Das Anforderungsprofil – die Königsdisziplin im Recruiting?

Wenn ich mit Führungskräften spreche, die eine Stelle neu- oder nachbesetzen wollen, richten sich deren Gedanken sofort an den/die neue/n Wunschmitarbeiter/in und an deren gewünschte Ausbildung, Fachkompetenzen, Berufserfahrung und jede Menge gewünschter Persönlichkeitseigenschaften – teamfähig, belastbar, flexibel, reisebereit. Also an die „Stellenanforderungen“.

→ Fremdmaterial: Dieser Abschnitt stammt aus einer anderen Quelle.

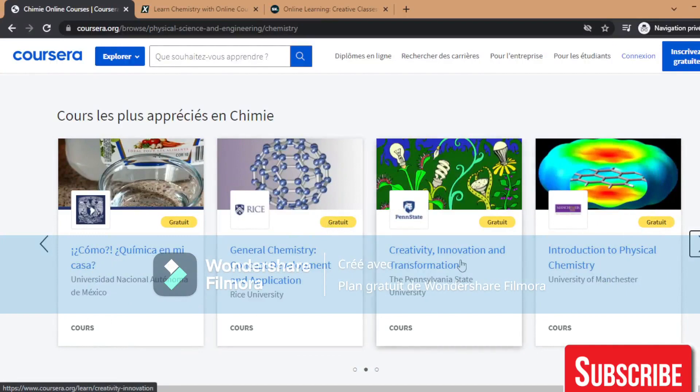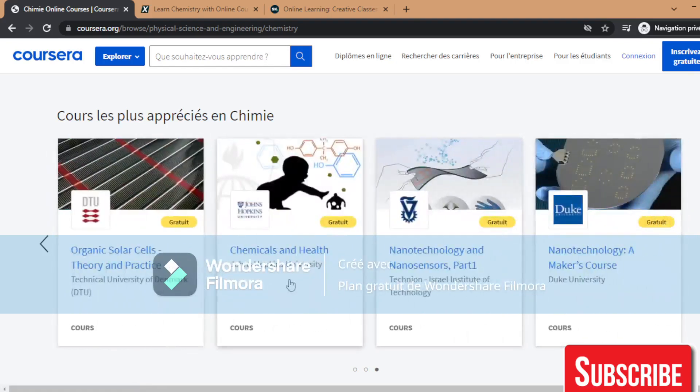Also free: Introduction to Physical Chemistry from the University of Manchester. Chemicals and Health from Johns Hopkins University. Amateur Technology Makers from the University of Kentucky.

Wer meine früheren Blogbeiträge bzw. Newsletter gelesen hat, weiß natürlich, dass sich diese „Anforderungen“ von der Stellenbeschreibung ableiten. Die zentrale Frage lautet dabei:

Welche Anforderungen muss ein Mitarbeiter erfüllen, damit die gestellten Aufgaben der aktuellen Position und eventuell einzunehmender zukünftiger Positionen dauerhaft so gelöst werden können, dass die Stellenziele erreicht werden?

Bei der Erarbeitung des Anforderungsprofils hat sich folgende Gliederung der Anforderungskriterien bewährt:

  • Ausbildung
  • Berufserfahrung
  • Fachliche Anforderungen
  • Soziale und persönliche Anforderungen

Woran erkennt man qualitativ hochwertige Anforderungsprofile und worauf sollte man bei der Erarbeitung derselben achten?

Unterscheidung zwischen MUSS- und WUNSCH-Anforderungen

In allen Kategorien sollte zwischen Muss- und Wunsch-Anforderungen unterschieden werden. Das Muss-Niveau definiert damit jene Anforderungsausprägung, die unbedingt erfüllt werden muss, damit die Aufgaben der Stelle zureichend bewältigt werden können.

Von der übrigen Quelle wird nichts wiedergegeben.